* Raw data *
*****

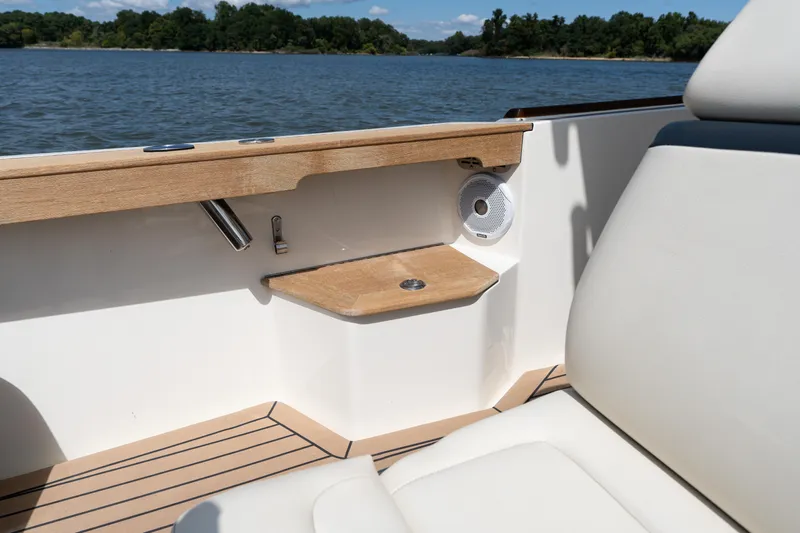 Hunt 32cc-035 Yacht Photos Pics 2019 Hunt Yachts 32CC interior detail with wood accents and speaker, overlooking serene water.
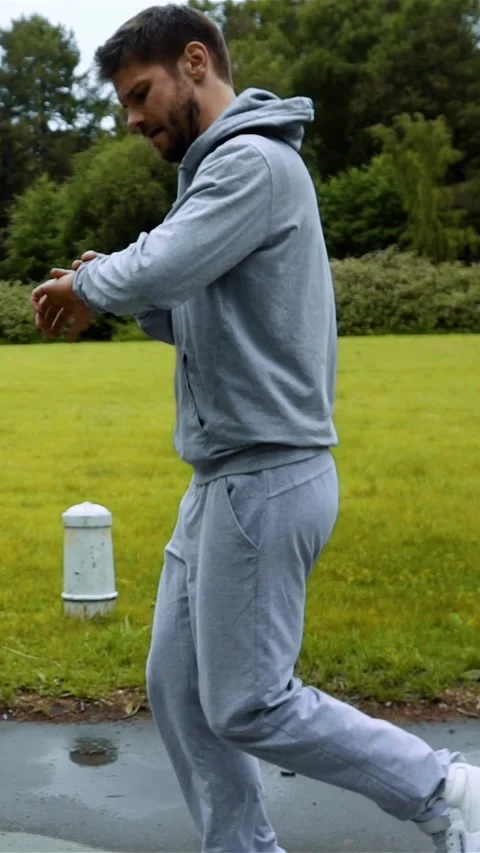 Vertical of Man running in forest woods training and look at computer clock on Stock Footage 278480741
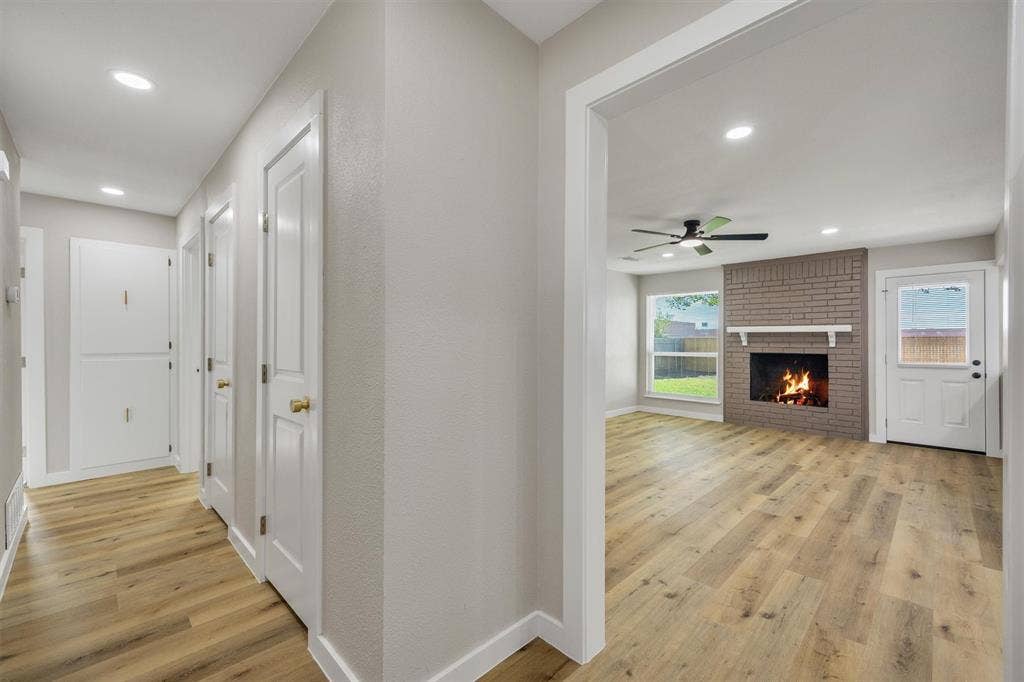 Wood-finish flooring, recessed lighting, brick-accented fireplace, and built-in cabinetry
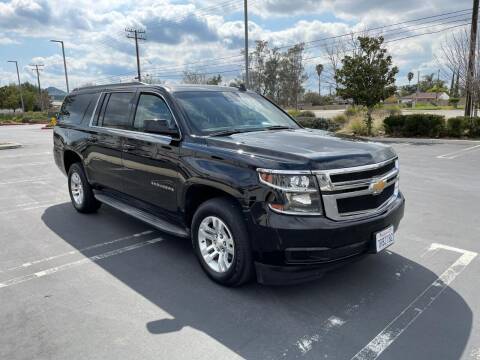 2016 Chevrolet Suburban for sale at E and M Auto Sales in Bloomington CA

*****

Please set down the lines above word for word and leave out the pictures.

 Hunt 32cc-035 Yacht Photos Pics 2019 Hunt Yachts 32CC interior detail with wood accents and speaker, overlooking serene water.
 Vertical of Man running in forest woods training and look at computer clock on Stock Footage 278480741
 Wood-finish flooring, recessed lighting, brick-accented fireplace, and built-in cabinetry
 2016 Chevrolet Suburban for sale at E and M Auto Sales in Bloomington CA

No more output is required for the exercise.